All the talk last week about Jack Kerouac, as well as the name of an interesting new blog, sent me back to Who Walk in Darkness, a novel published in 1952 by Chandler Brossard. Brossard's book is a study of downtown Manhattan hip circa 1948...albeit a study of a somewhat better-dressed, better-fed crowd than, say, the denizens who inhabit William Burroughs' Junky (still my favorite take on 1940s NYC bohemia)-as one character puts it, mildly insulting the novel's narrator, "You're the Arrow Collar man of the underground." It's also a sort of strange valentine for mid-20th-century New York.

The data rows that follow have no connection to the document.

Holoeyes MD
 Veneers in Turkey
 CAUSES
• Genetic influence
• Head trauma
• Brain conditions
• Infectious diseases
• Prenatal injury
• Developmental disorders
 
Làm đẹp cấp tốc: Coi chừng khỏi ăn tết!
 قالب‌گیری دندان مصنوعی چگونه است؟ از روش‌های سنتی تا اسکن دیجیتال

Steven Moore notes in the introduction to the 2000 paperback reprint that Who Walk in Darkness has sometimes been touted as an early Beat novel-a straighter take on the beginnings of the scene, a la John Clellon Holmes' Go. As Moore points out, it's actually closer to books like Hemingway's The Sun Also Rises and Camus' The Stranger-trying, if anything, to be an American existential novel. Two of the primary characters are based on the writers Anatole Broyard and William Gaddis, when they were in their struggling, up-and-coming, iceberg-lettuce salad days. Broyard, in fact, actually threatened to sue when he got wind of the book, and Brossard was forced to make some changes, toning down some of the references to Porter, the character based on Broyard who is passing for a white person. (Much more on Broyard's real-life roots here.)

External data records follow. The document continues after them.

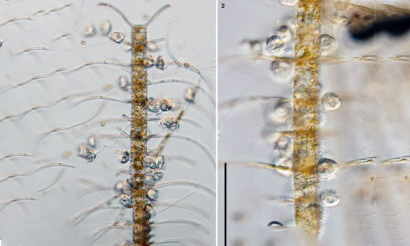 - Not Known - Chaetoceros coarctatus - Type: Phytoplankton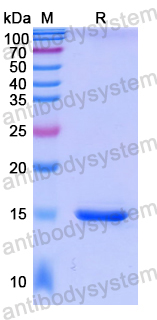 Recombinant Human NBN Protein, N-His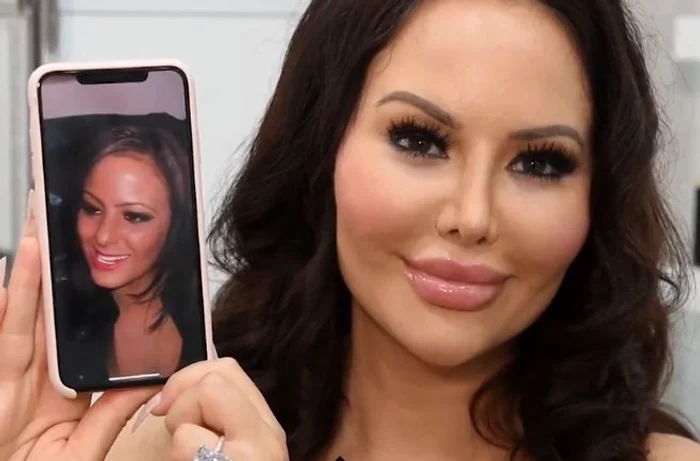 Așa arăta tânăra înainte de operațiile estetice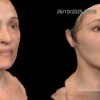 Side-by-side before-and-after portraits of a woman, showing facial skin improvement after cosmetic treatment; dates 04/08/2025 12:34 and 26/10/2025 13:19 appear at the top, with a QuantifiCare logo bottom-right.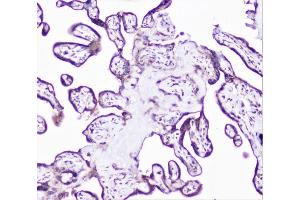 IHC analysis of cortactin using anti-cortactin antibody (ABIN6719306). (Cortactin anticorps  (AA 1-105))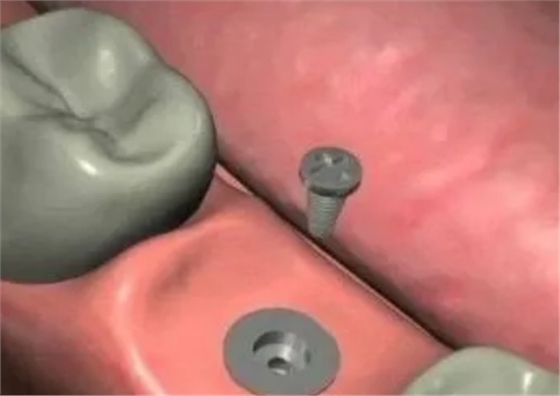 最詳細(xì)的種植牙流程 最詳細(xì)的種植牙流程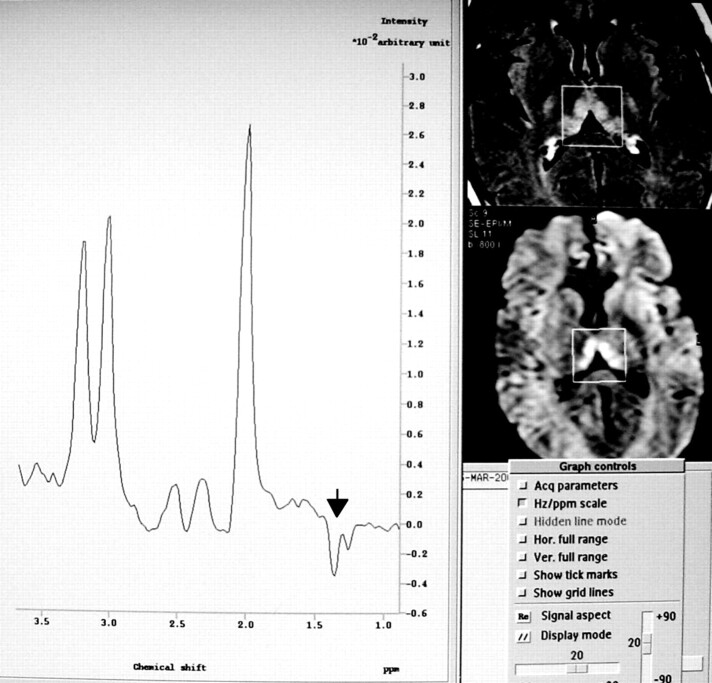 Fig 2.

The book certainly does invoke Hemingway's Sun, with Porter serving as the Robert Cohn figure that the reader is supposed to ultimately dislike, and Porter's girlfriend Grace as the Brett Ashley woman with whom the narrator is in love. The Gaddis-based character even seems to parallel Hemingway's alcoholic-but-likeable Mike Campbell, and there's a significant boxing match as part of the narrative to boot. What I realized this time around-and I reread the book with increasingly mixed feelings-is that Hemingway is an early model for hip. Normally we think of big-game-hunting Ernest H. and 1950s/60s hipsters as antithetical, but the whole notion of code, of living by a set of unspoken values (to speak of them is bad taste at best, destructive of the values themselves at worst) is deeply embedded in ideas of hipness. Throughout Who Walk in Darkness the narrator's coolness is constantly being telegraphed; sometimes through silence and indirection, sometimes through explicit talk from other characters, we are manipulated to understand that Blake Williams (said narrator) is with it, nearly incapable of making a wrong move or saying the wrong thing.

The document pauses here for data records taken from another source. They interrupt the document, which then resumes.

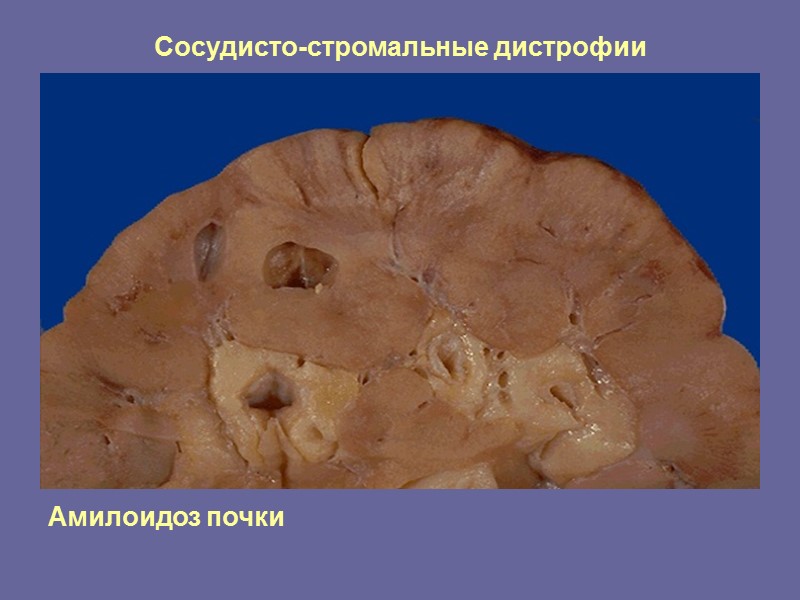 Различные стадии атеросклероза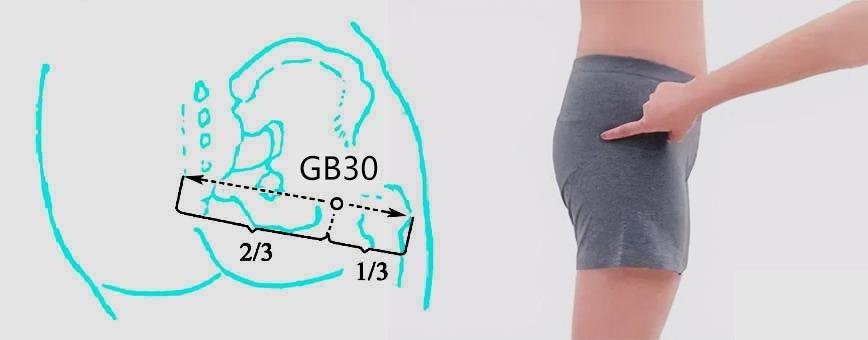 Punto GB30 Huantiao en la cadera lateral — acupuntura para el dolor que irradia por la pierna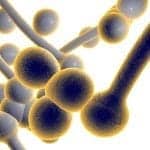 Antifungal Shows Potential Treating Severe Valley Fever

Such narratives come off to me these days as dubious and annoying. It may be paradoxical to say, but I trust the unreliable narrator more than I do the Hemingway hero. In Who Walks in Darkness we're expected to view Porter, the image-conscious, passing African-American, as "inauthentic" in his attempts-his rather successful attempts-to reinvent himself. Yet in the end I found him more sympathetic than the self-righteous Blake Williams, who tells the story as if it's a grudge match.
Brossard wasn't the only author writing about the hip milieu with Papa Hemingway shadowing the pages-Norman Mailer is a prime example of how that influence was filtered through the 1950s. And this book is not without its pleasures. It does capture the gage-smoking, jazz-beat world of late-1940s Greenwich Village, and Brossard writes with a spare elegance as he describes the sounds, sights, and smells (especially the smells-the book is rife with allusions to various aromas of the city) of New York. There's also a sense of random violence hanging over the narrative, an awareness that urban life is becoming more dangerous. And then there are humourously-polished dialogue exchanges such as this one, in which Goodwin, a well-paid, downtown-slumming advertising executive who's treating the narrator and his friends to round after round of drinks, asks Harry (the character based on Gaddis) about his literary progress:
"Oh yes. I do all right. Harry, when do you expect to finish your book?"
"Are you writing a book, Harry?" I asked.
"I'm not only doing it, I'm living it. Which reminds me. What happened to that underground man you came in with?"
"He's casing the joint," Porter said. "He'll be back."
"What do you mean by the underground man?" Goodwin asked.
"The man who will do anything. He's a spiritual desperado."
"He means Max Glazer," Porter said. "He's a very smart guy. Really very hip."
"I didn't say he wasn't. He is a desperado, though. Do you know what his ideal is? His ideal is to look like a street-corner hoodlum and be the finest lyric poet in America at the same time."
"He sounds remarkable," Goodwin said. "I would enjoy meeting him."
"Don't say it that way," Julia said. "You'll meet him."
"Tell me some more about the underground man, Harry," Goodwin said.
"I'm writing a book about him too."
"It seems that you are writing these books with your mouth, Harry," said Porter.
"It is a new literary form," Harry said.